Soybean demand climbsTwo weeks ago, we thought soybeans were in a bear market. Chicago Board of Trade futures had fallen from $14 in mid-September to $12.55 in early November, but the recent U.S. Department of Agriculture report showed current stocks are not, in fact, all that onerous.
By: John Duvenaud, Agweek
WINNIPEG, Manitoba — Two weeks ago, we thought soybeans were in a bear market. Chicago Board of Trade futures had fallen from $14 in mid-September to $12.55 in early November, but the recent U.S. Department of Agriculture report showed current stocks are not, in fact, all that onerous. The carryover next summer will be bigger than it was last August, but demand keeps climbing, especially from China, and the American carryover will still be on the small side.
The issue with the soybean market is that Chicago futures are inverted right through to January 2015 — well over a year. Spot November is $13.75; Nov. 14 is $11.75. The market is assuming, probably correctly, that South America will produce a bin-buster soybean crop this winter and that supplies will be ample for some time.
Western Canada had its biggest soybean crop ever this year, which has become more or less the norm. The trade is doing a good job of moving soybeans. Elevators were able to dedicate several facilities exclusively to soybean movement in September and a good portion of the Manitoba crop moved before the American harvest hit its stride. Pioneer at Mollard is paying $12 per bushel for spot soybeans and $12.17 for January shipment. The premium in January is because of rail logistics, not futures prices. Delmar is at $12.25 per bushel for spot delivery.

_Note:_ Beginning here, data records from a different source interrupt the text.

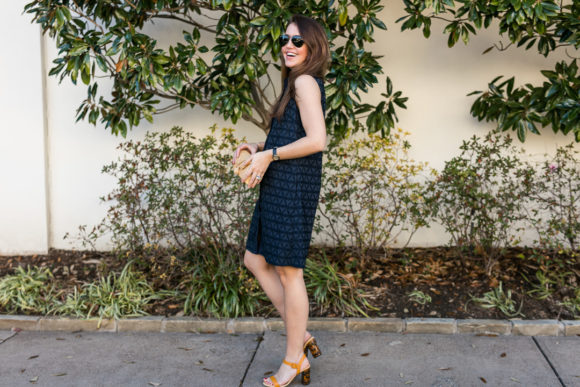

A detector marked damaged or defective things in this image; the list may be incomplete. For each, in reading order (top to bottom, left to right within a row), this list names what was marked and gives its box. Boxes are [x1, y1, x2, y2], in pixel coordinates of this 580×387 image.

pavement crack [239, 334, 264, 387]
pavement crack [536, 336, 568, 387]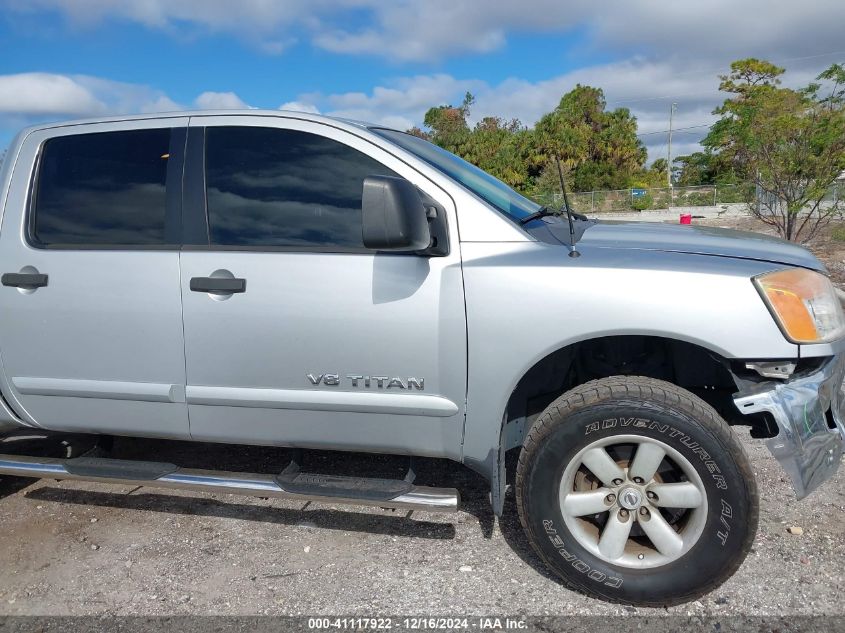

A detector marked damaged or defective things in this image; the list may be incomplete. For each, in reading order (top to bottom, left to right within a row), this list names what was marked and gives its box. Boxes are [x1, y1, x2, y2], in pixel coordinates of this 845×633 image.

damaged front bumper [732, 354, 844, 496]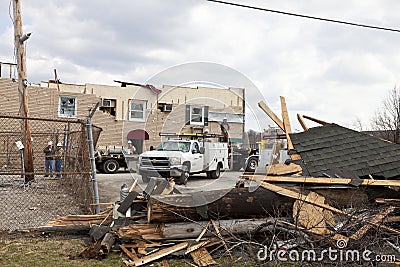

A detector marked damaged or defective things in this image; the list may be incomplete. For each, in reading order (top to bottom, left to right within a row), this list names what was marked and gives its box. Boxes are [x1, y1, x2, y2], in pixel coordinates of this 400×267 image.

broken lumber [147, 187, 294, 223]
broken lumber [260, 182, 400, 237]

Mustard market contracting
Mustard has always been a minor crop in western Canada. It has had a hard time competing against canola and several other crops.

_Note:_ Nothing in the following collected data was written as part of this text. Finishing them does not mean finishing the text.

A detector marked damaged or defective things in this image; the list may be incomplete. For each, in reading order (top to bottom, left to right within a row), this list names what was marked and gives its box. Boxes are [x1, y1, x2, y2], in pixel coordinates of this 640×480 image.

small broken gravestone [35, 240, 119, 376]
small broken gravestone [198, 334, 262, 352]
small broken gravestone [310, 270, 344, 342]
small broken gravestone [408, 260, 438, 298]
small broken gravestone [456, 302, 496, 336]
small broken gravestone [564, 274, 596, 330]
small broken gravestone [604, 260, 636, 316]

Mustard yields simply cannot compete and farmers are gradually cutting plantings. We’re down to about 60 percent of historical planted acres.
Markets are quiet. Most processors are still taking contracted mustard so there isn’t a lot of room. Spot prices are 38 cents on yellow, 35 to 36 cents on brown and 28 on Oriental. Mustard is one of the few crops that has stable prices compared with last year. They’re a bit off their highs, but haven’t fallen nearly as much as canola and wheat.
There are few, if any contracts available for 2014 mustard.
Prices have improved a lot in the past couple of years. Brown prices were 16 cents for a long time then increased to 35 cents. Most of the brown that had been sitting in long-term storage has come to town. This using-up of stored stocks by the largest mustard exporter in the world has to be positive for prices.
Expect flat markets at least until Christmas. Overseas buyers are currently bidding at the equivalent of 35 cents freight-on-board farm on yellow.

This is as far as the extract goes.